Die Bejahung und Unterstützung von Leistung aber muss zum Korrelat haben, dass denjenigen, welche nicht leisten können, Verständnis und Hilfe zukommt. Ein die Leistung bejahender Staat würde zum Egoisten, wenn er solche ausklammert, die nicht zu Leistungen in der Lage sind. Ein so verstandenes modernes Sozialverständnis, das Hilfe vorab denjenigen zukommen lässt, welche Hilfe auch tatsächlich gebrauchen, ist finanzierbar. Ein System aber, das wahllos Hilfe auch an solche ausscheidet, die leisten können, wird zum Fass ohne Boden, damit finanziell untragbar und somit letztlich auch unsozial.
Ich fasse zusammen:
Die FDP muss in Berücksichtigung der Problematik des "To be or not to be" sich mit aller Entschlossenheit der Probleme unserer Zukunft annehmen und zu mutigen, deshalb oft aber unpopulären Entscheidungen stehen. Tun wir das nicht, nehmen wir unsere Verantwortung nicht wahr und tun so genau das nicht, was wir als unser Credo von unseren Bürgerinnen und Bürgern erwarten. Ich bin überzeugt davon, dass die Schweiz ihren - derzeit etwas eingeschlafenen - Schwung noch nicht verloren hat.
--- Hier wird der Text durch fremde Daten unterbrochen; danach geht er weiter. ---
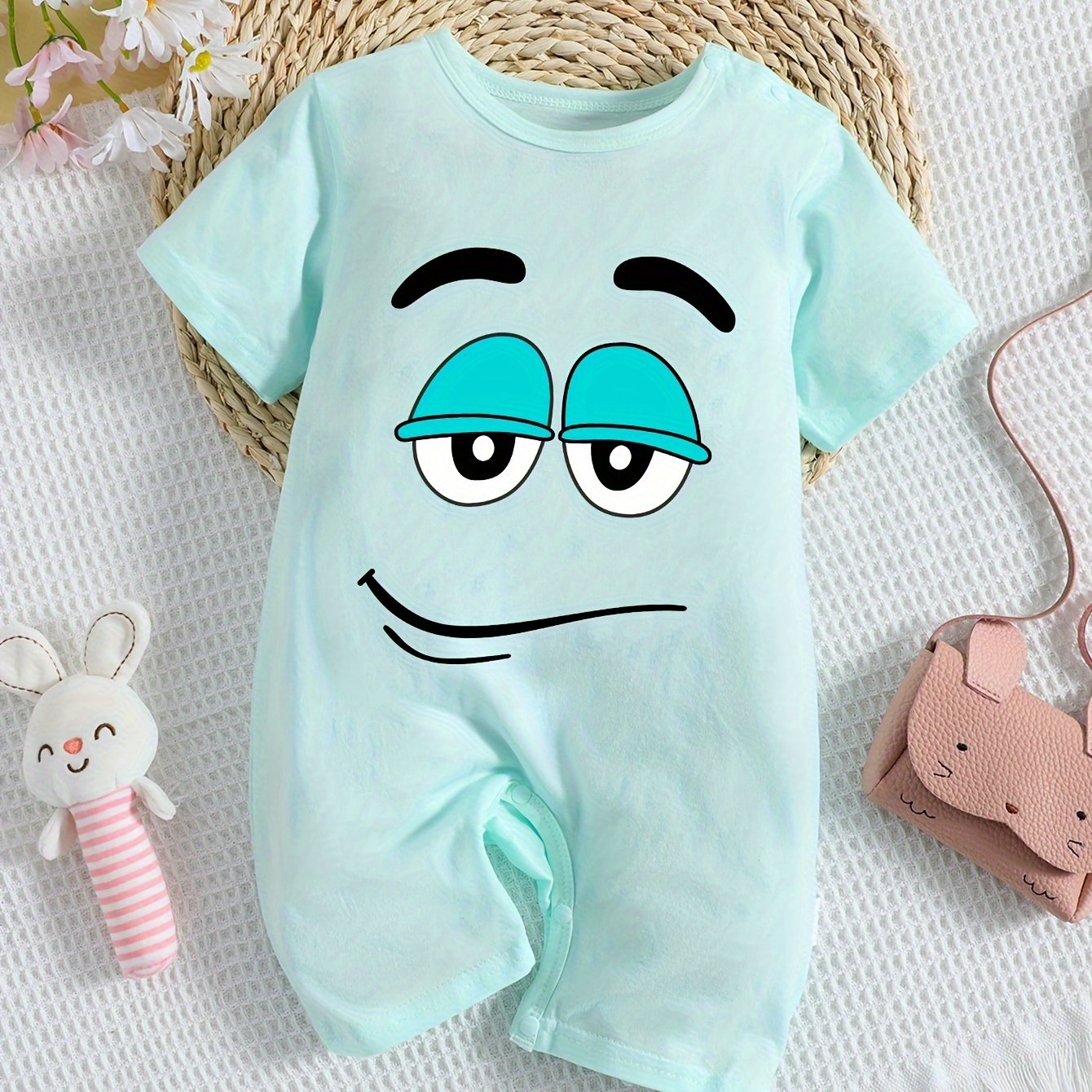 Cute Print Short Sleeve Romper Shorts For Infants, For Outdoor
Wir können gut sein, wenn wir es auch tatsächlich wollen. Wollen aber setzt Optimismus voraus. Dieser Optimismus muss in unsere Reihen zurückkehren. Wir können neuen Schwung herbeiführen, wenn wir das nur wollen. Lasst uns also wollen! Lasst uns Optimismus ausstrahlen! Lasst uns alle uns gegenseitig bestätigen, dass wir zum Wollen und zum Optimismus bereit sind! Hilft mir, dass wir wieder in die Lage kommen, miteinander und nicht gegeneinander dieses Gefühlt der Bereitschaft, die Probleme anzupacken, gegen aussen tragen. Ich danke Ihnen hiefür ganz persönlich. Speziell möchte ich Ihnen hiefür aber namens der zukünftigen Generationen danken. Diesen zukünftigen Generationen - und vorab denen - sind wir verpflichtet. In deren Namen rufe ich Euch also zu: Danke, merci, grazie.